Saturday, February 2, 2013

Barclays Chief Gives Up US$4.3 Million Bonus

Photograph: Justin Thomas/AFP/Getty Images
Photograph: Justin Thomas/AFP/Getty Images

Barclays Chief Gives Up US$4.3 Million Bonus

What? The CEO of a  major bank CEO forgoing his multi-million dollar bonus? It’s unheard of…
Plagued by legal issues, the Libor scandal and more, Barclays’ current CEO Antony P.  Jenkins is giving up his 2012 bonus.  He says it would  be ‘wrong’ for him to accept it.
This could be a broader PR strategy aimed at restoring the bank’s reputation (with a bigger bonus for the CEO built into his 2013 package?) or it could be a step towards a banking system that works for everyone. I trust it is the latter.
Amid Bank’s Legal Problems, Barclays Chief Gives Up Bonus
By Mark Scott and Julia Werdigier, DealBook, The New York Times – February 1, 2013
Antony P. Jenkins, the new chief executive of Barclays, said on Friday that he would forgo his bonus as the British bank struggled to rebuild its reputation after recent missteps.
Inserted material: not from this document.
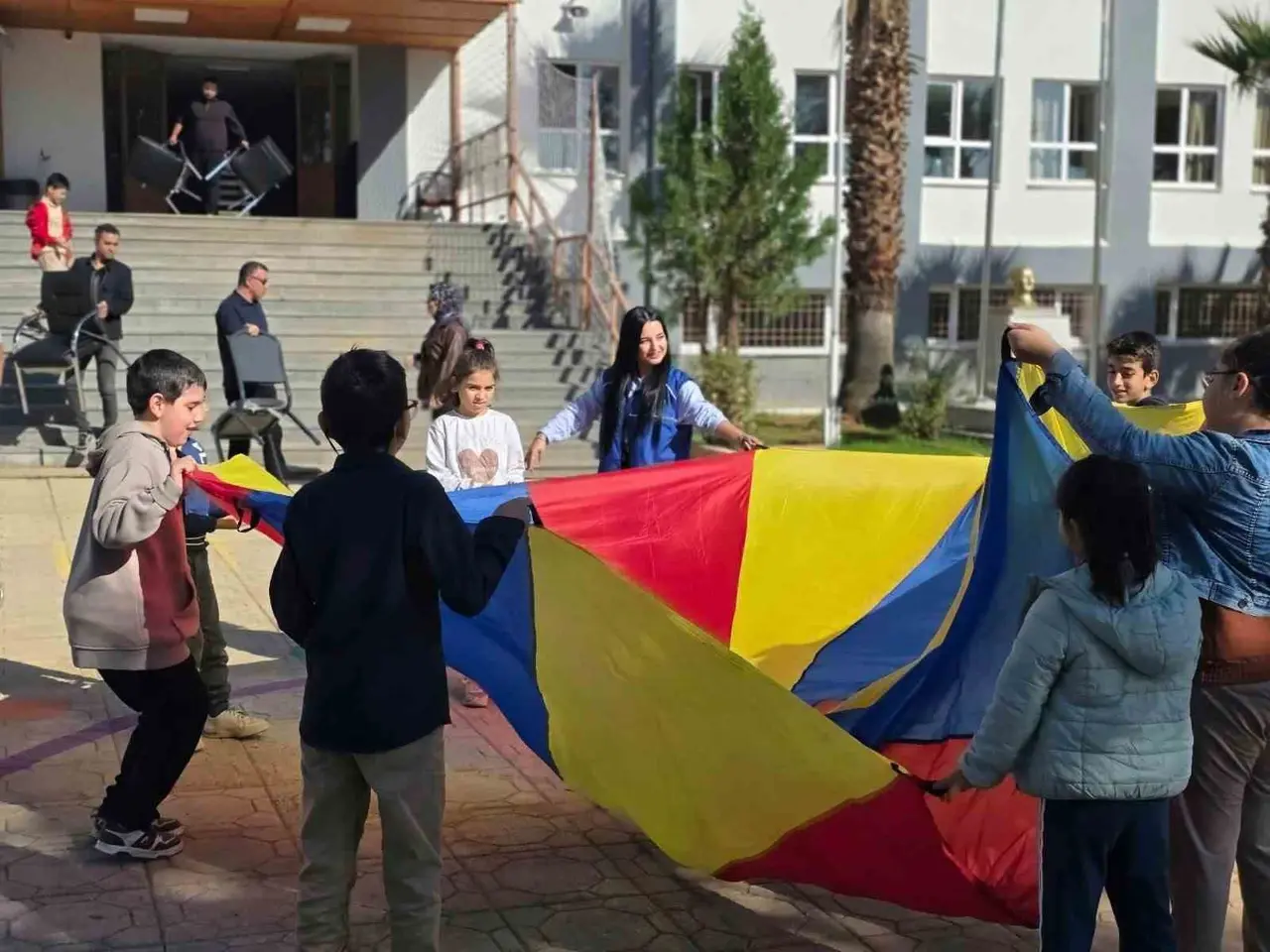 Gençlik Merkezi ekipleri özel öğrencilerin neşesine ortak oldu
British regulators are investigating new accusations that Barclays failed to properly disclose to shareholders a loan to a group of Qatari investors that gave the British bank a cash infusion during the financial crisis, according to a person with direct knowledge of the matter.
Last year, the bank disclosed that British and American authorities were investigating the legality of the payments related to the $7.1 billion cash injection to Qatar Holding, the sovereign wealth fund.
Mr. Jenkins is dealing with a series of legal headaches.
In June, Barclays agreed to pay a $450 million settlement with United States and British regulators over rate manipulation. The scandal forced a number of the bank’s top executives to resign, including the chief executive at the time, Robert E. Diamond Jr.
The British firm has also set aside $3.2 billion to cover legal costs related to the inappropriate selling of insurance to consumers. British authorities recently told the bank that it must review the sale of certain interest rate hedging products after 90 percent of a sample of the complex instruments were found to have been sold improperly. Analysts say the investigation may lead to millions of dollars of new legal costs.
With the controversy surrounding the bank, Mr. Jenkins said he did not want to be considered for a bonus that could have totaled up to $4.3 million, adding that many of the problems engulfing the bank were of its own making. The Barclays chief’s annual salary is $1.7 million.
“I think it only right that I bear an appropriate degree of accountability for those matters,” Mr. Jenkins said in a statement.
“It would be wrong for me to receive a bonus for 2012.”
A spokesman for Barclays declined to comment about the investigation into potential wrongdoing connected to the loan to Qatari investors.
By giving up his bonus, Mr. Jenkins contrasts with his predecessor. Mr. Diamond was in line for a $4.3 million bonus for 2011 despite criticism about the bank’s performance. Faced with mounting opposition, Mr. Diamond and Chris Lucas, the bank’s finance director, eventually agreed to forgo half of the deferred stock payout if the British bank failed to reach a number of its financial targets.
Barclays, which will disclose details of a major overhaul of its operations when it reports earnings on Feb. 12, is expected to cut up to 2,000 jobs in its investment bank in an effort to reduce its exposure to risky trading activity, according to two people with direct knowledge of the matter.
Mr. Jenkins, who previously ran Barclays’ consumer banking business, told employees in January that they should leave the bank if they were not willing to help rebuild the firm’s reputation.
“My message to those people is simple,” Mr. Jenkins wrote in an internal note obtained by The New York Times.“Barclays is not the place for you. The rules have changed.”